▸ **Task brief**: Leaving out the pictures, return word for word the stretch of entries below from the line holding "JUFA Hotel Königswinter***" through the line holding "2003 Chevrolet Silverado".

▸ **Supplied material**:
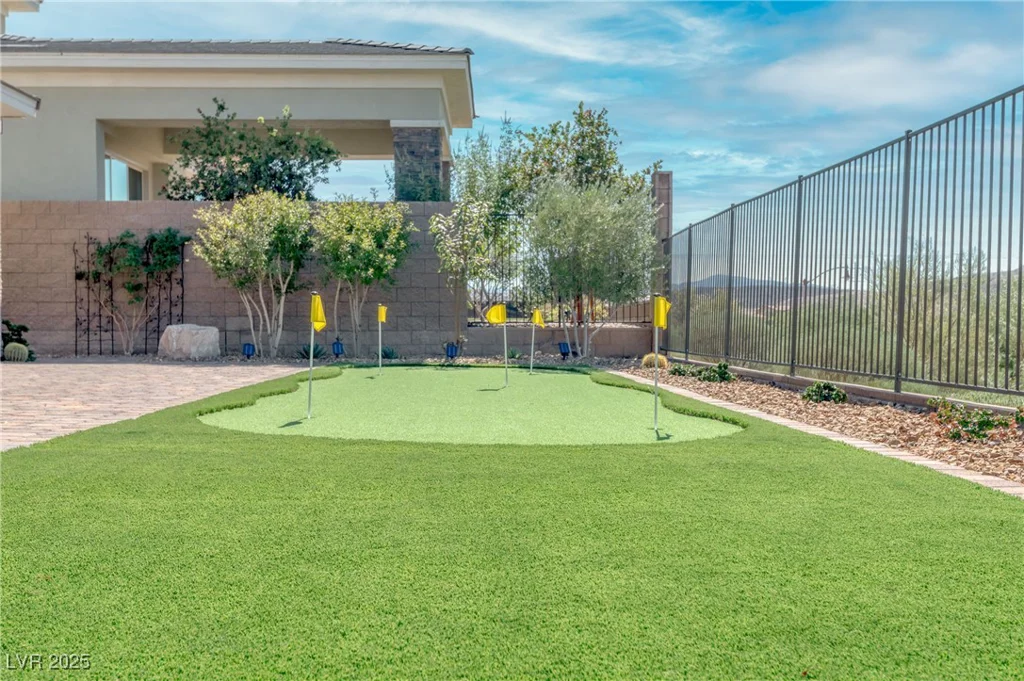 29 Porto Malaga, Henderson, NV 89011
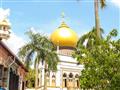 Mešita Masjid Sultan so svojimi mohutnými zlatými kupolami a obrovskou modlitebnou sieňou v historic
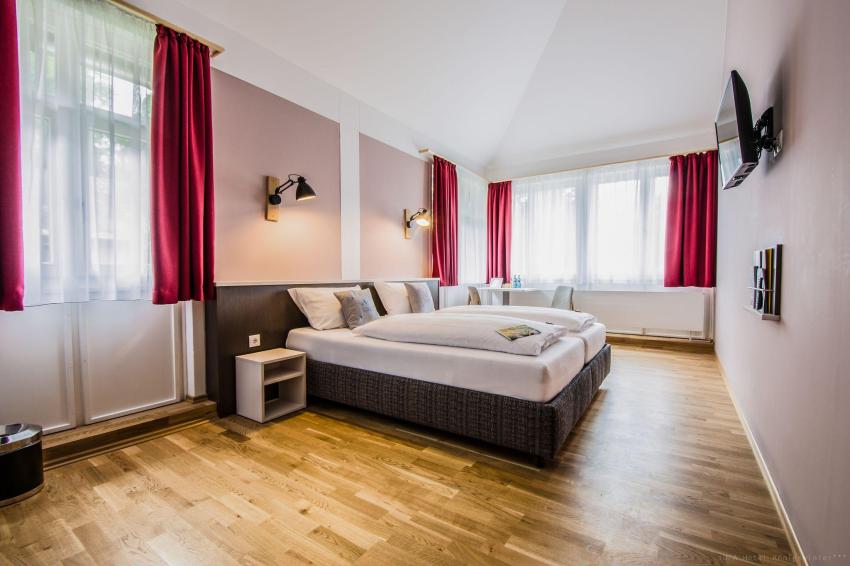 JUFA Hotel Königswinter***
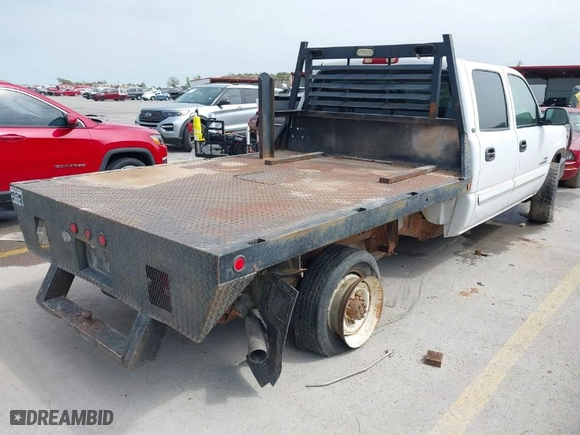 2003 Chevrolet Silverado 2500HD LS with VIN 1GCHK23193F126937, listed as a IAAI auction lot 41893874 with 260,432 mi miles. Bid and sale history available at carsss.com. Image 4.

---

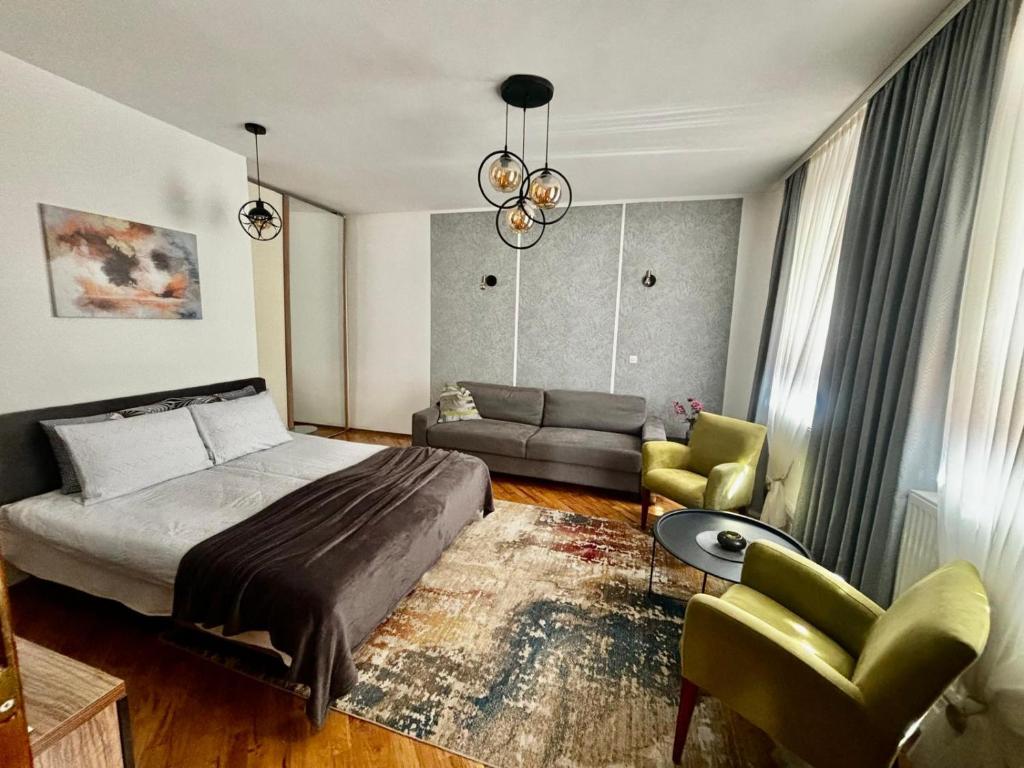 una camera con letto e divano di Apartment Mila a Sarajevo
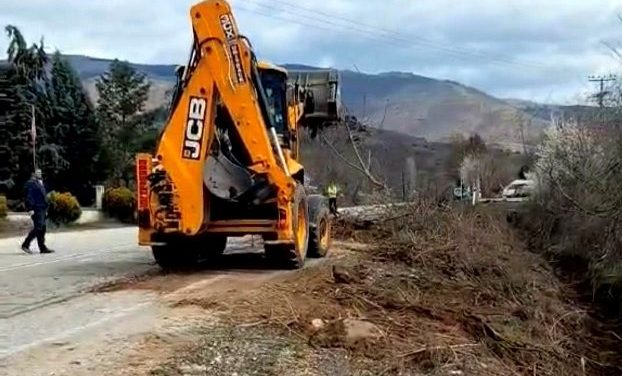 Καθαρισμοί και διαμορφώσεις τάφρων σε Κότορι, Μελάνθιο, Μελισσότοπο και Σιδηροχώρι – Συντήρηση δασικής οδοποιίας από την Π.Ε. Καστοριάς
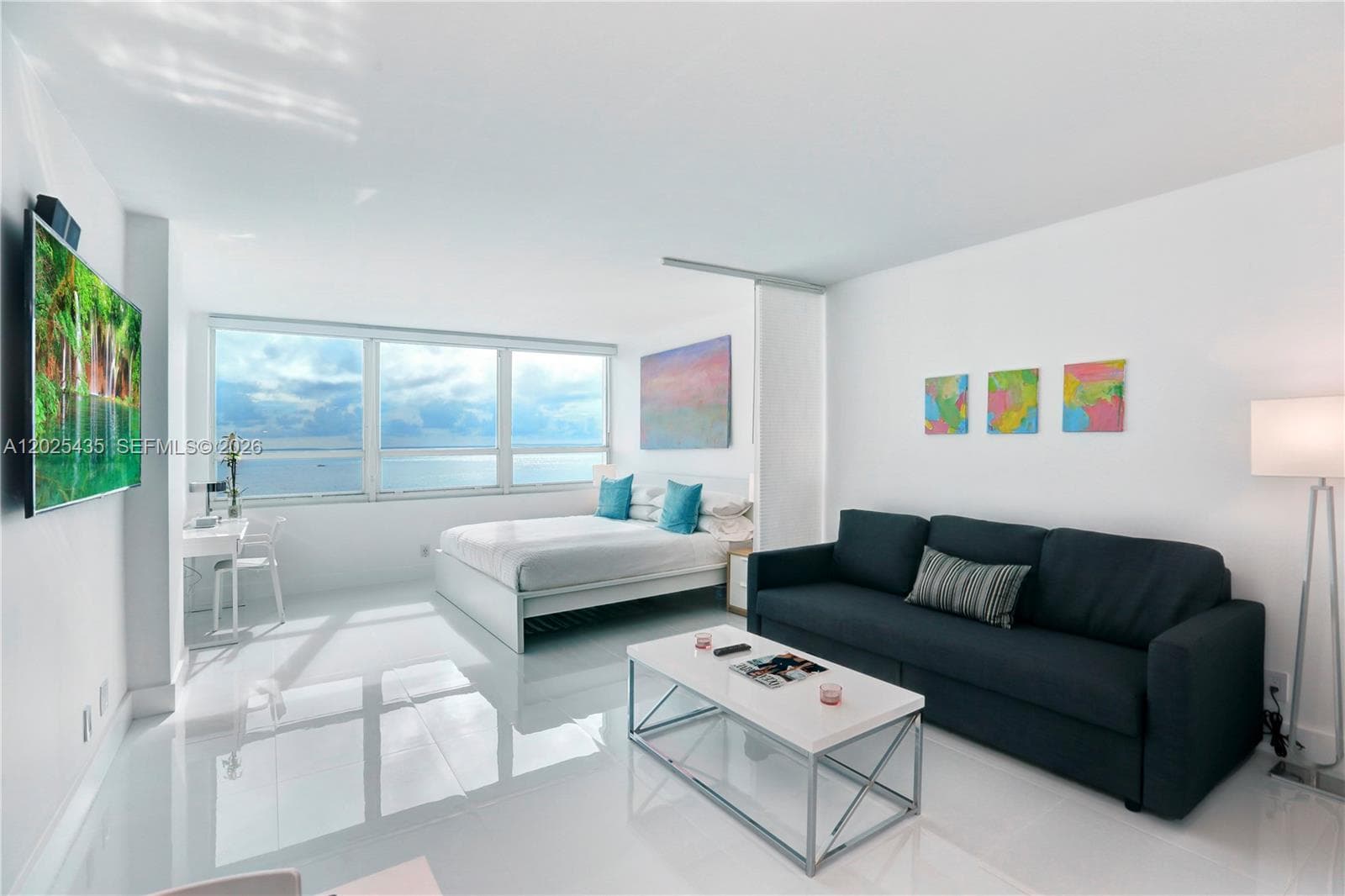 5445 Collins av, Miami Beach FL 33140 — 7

---

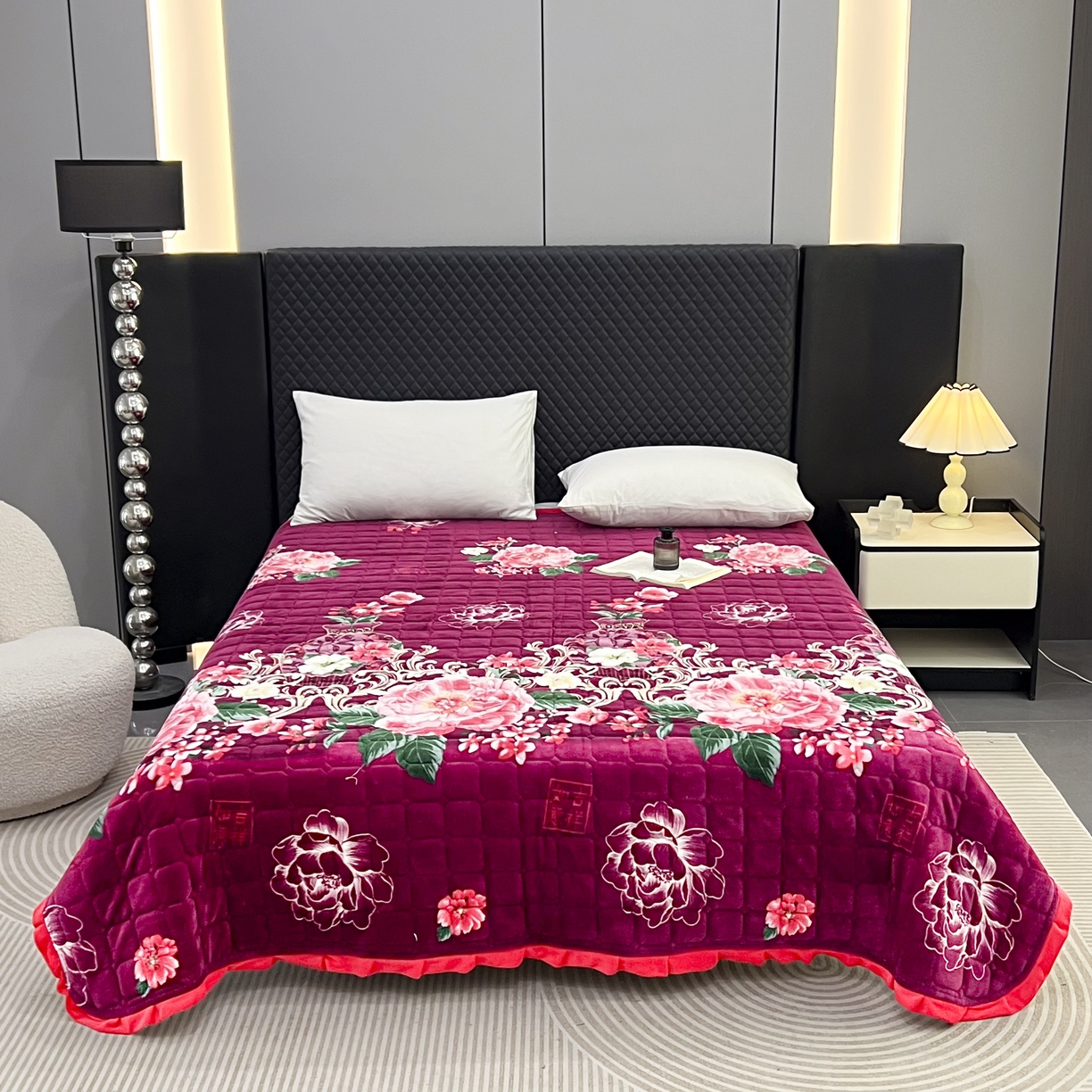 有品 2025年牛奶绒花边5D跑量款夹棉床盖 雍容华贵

▸ **Answer section**:
 JUFA Hotel Königswinter***
 2003 Chevrolet Silverado 2500HD LS with VIN 1GCHK23193F126937, listed as a IAAI auction lot 41893874 with 260,432 mi miles. Bid and sale history available at carsss.com. Image 4.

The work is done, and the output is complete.